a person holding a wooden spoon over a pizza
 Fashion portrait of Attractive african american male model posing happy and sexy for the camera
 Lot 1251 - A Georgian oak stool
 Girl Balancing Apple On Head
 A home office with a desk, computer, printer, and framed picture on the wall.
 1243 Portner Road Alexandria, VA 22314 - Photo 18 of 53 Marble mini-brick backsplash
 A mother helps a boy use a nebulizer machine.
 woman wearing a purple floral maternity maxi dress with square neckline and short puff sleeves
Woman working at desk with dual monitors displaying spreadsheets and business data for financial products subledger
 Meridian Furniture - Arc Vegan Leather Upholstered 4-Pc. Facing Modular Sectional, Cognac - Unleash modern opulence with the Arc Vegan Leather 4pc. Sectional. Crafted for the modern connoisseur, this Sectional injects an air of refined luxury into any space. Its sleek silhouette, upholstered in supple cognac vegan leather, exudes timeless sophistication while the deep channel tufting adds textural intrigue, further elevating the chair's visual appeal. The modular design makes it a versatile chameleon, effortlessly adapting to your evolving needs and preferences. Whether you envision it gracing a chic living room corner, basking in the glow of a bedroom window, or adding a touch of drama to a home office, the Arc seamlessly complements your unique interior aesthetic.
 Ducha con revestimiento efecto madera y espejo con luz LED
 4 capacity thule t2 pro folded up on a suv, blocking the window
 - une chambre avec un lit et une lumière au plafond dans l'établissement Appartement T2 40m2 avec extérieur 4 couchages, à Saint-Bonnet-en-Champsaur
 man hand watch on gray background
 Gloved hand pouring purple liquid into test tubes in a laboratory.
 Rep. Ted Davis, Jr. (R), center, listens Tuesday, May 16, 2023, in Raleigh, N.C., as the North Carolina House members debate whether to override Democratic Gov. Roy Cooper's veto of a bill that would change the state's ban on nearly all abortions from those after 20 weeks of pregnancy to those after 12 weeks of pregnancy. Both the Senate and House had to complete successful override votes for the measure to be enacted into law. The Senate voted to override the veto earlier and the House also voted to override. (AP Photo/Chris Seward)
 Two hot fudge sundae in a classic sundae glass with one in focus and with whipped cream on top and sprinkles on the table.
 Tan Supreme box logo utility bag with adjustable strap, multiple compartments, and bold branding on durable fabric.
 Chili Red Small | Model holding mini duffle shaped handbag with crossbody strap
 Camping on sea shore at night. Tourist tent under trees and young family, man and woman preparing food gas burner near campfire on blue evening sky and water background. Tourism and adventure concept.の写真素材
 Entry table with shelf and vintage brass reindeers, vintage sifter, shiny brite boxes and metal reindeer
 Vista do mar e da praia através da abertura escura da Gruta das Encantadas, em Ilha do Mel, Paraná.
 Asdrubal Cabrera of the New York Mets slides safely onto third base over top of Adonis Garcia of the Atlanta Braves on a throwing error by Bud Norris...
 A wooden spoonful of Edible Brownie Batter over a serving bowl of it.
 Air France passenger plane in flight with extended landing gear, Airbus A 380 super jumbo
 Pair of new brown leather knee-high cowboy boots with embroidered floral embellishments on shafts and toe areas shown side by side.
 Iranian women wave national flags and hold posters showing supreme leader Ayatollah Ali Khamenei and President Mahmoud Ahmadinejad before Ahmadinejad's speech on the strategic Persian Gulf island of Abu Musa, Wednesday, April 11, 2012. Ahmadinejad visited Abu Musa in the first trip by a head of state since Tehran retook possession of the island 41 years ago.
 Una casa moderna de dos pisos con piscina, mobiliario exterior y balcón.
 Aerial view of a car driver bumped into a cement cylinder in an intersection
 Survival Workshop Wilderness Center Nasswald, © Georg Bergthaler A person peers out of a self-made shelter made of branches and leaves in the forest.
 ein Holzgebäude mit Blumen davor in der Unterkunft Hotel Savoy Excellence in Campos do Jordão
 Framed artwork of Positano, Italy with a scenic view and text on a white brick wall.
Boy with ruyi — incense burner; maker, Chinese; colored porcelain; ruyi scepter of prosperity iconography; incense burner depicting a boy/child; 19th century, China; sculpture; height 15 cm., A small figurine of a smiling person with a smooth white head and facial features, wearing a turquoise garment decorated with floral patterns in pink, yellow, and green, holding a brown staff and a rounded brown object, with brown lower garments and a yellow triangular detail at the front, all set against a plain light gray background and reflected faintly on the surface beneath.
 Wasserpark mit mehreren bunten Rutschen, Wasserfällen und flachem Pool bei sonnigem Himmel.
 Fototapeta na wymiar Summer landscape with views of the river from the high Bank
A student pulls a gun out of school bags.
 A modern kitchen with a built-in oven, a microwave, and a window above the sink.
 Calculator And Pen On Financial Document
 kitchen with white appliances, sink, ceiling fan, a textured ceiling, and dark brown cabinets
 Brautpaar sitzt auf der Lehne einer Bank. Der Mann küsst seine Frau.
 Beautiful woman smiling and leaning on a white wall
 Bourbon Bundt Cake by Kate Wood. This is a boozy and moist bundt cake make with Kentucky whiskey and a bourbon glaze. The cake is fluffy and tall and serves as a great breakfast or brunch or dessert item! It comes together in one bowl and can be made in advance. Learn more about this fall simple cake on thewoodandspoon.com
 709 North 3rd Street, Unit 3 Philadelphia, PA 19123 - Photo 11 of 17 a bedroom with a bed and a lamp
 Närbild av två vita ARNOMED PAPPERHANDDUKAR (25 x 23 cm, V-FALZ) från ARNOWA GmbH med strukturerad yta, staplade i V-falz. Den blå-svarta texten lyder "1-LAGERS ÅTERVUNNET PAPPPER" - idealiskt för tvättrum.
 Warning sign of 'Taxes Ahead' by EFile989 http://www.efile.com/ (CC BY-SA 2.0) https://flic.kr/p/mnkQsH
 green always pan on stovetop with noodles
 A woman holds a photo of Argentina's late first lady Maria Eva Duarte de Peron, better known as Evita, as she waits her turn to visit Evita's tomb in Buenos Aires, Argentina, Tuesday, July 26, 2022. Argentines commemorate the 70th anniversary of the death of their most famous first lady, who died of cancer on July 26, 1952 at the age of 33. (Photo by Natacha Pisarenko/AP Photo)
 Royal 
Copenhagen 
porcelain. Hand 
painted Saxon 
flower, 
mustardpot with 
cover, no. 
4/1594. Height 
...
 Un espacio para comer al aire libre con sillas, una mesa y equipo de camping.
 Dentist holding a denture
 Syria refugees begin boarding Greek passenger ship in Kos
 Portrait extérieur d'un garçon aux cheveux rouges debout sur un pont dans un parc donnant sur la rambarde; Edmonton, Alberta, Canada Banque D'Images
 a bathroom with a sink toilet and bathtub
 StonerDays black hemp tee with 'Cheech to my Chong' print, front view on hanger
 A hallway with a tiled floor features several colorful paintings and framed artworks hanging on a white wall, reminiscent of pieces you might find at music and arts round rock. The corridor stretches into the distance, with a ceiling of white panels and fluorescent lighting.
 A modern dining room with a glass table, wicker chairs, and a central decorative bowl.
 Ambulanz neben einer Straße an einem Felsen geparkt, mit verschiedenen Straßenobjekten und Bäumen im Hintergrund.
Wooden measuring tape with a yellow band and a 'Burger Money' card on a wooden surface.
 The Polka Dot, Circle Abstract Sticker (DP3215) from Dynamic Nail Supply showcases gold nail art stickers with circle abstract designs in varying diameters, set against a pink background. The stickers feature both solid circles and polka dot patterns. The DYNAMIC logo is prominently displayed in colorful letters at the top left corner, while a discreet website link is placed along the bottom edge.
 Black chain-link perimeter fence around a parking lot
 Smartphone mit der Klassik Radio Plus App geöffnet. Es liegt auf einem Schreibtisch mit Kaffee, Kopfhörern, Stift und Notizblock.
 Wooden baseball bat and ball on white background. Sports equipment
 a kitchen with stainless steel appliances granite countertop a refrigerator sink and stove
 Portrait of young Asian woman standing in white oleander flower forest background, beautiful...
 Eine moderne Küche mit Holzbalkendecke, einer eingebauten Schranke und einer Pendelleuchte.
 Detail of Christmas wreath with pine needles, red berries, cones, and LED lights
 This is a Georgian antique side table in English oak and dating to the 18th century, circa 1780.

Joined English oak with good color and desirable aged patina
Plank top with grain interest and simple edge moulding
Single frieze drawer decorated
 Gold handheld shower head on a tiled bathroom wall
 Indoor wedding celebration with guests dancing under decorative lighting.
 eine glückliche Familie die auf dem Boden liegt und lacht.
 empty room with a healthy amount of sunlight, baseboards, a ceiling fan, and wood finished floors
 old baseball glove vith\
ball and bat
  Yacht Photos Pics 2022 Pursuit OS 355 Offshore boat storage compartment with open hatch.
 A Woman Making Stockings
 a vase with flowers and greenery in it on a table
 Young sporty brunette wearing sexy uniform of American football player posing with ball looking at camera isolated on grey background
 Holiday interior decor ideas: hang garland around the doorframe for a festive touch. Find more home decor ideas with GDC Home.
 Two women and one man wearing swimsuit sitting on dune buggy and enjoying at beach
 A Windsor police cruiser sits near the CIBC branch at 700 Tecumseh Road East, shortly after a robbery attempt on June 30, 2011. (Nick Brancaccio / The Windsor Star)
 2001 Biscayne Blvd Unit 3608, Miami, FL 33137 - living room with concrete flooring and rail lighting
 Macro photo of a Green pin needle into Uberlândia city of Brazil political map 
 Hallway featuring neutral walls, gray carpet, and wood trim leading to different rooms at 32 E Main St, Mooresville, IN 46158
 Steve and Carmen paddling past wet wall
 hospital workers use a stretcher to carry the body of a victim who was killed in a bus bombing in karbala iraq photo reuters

....

Task to carry out:
Please output the lines of the listing above that fall in the stretch from the one with "Survival Workshop Wilderness" through the one with "Framed artwork of", exactly and only those.

Output below:
 Survival Workshop Wilderness Center Nasswald, © Georg Bergthaler A person peers out of a self-made shelter made of branches and leaves in the forest.
 ein Holzgebäude mit Blumen davor in der Unterkunft Hotel Savoy Excellence in Campos do Jordão
 Framed artwork of Positano, Italy with a scenic view and text on a white brick wall.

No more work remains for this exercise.